Tamar Hofer is a career development consultant, having worked with both Tandon’s popular Master of Science in Financial Engineering and the neighbouring Columbia University’s highly regarded MS in Financial Engineering. She says that while the hiring situation is getting better, the job market for recently qualified quants is still a fair distance from normality.
“Folks are not being overly bullish or overly generous in terms of hiring numbers – opportunities are out there, but there are fewer,” Hofer says. “There’s a large amount of talent, so firms can be picky.”
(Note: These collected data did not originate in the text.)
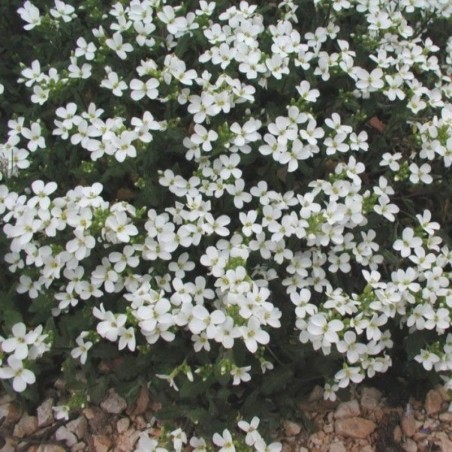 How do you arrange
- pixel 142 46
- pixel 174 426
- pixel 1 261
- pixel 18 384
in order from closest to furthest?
pixel 18 384 → pixel 174 426 → pixel 1 261 → pixel 142 46

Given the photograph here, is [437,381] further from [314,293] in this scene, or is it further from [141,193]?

Hofer says candidates are being more pragmatic in their job search. Many are opting to secure an early offer of employment rather than gambling on a better opening down the line. Previously, it was common to see students “waiting until the last moment” to accept customary offers of employment from firms that had hosted internships. If the position or the company was perceived as less glamorous, or the salary below par, graduates would often hold out for as long as possible in the hope of receiving an offer from a bigger name.
“I didn’t see as much of that running down the clock this semester,” Hofer says. “People wanted to stick with a sure thing.”
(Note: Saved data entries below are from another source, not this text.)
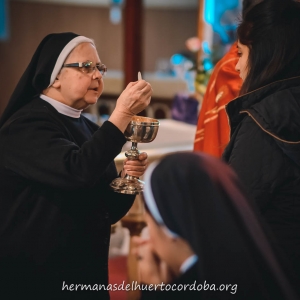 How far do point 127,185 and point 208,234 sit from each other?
0.78m

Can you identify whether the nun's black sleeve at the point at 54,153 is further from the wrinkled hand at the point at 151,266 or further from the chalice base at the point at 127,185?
the wrinkled hand at the point at 151,266

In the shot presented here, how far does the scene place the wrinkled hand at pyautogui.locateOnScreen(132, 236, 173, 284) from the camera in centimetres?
116

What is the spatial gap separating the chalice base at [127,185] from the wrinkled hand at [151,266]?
580mm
The senior consultant says “far more” opportunities have come up so far this year compared with 2020, and points to a number of positions opening up on the buy side. Hedge fund Citadel is one firm that has shown a strong appetite, he says, as well as Maven Securities, which has shown an interest in quant grads to fill prop trading-related posts.
Ali Hirsa, co-director of Columbia’s MS in Financial Engineering, shares this optimism. A professor of practice – he’s also a partner at New York-based hedge fund Sauma Capital – Hirsa says the job environment his graduates are entering is now “much better” in comparison to April or May of last year.
“I’m noticing that things are picking up,” he says.
Piterbarg at NatWest Markets says his team tends to add 10 new quants yearly, and that number has been met for both 2020 and 2021. His theory for why the firm has received much more interest for roles this year compared with average is that applicants found it easier to ‘attend’ virtual career days, enabling them to cast a broader net than usual.
“You didn’t have to go to the presentations on campus, and so on; the barrier to entry became lower, so people went for a wider range of options,” he says.
For Zheng and his peers, their careers have started in unusual, and in many cases secluded, circumstances. He says it has been hard to make work friends, and he regrets that he had to miss out on the “exciting” orientation experience that he was supposed to have.
With firms in major financial districts planning for the post-pandemic return to the office, it might not be too long before he makes those connections in the flesh.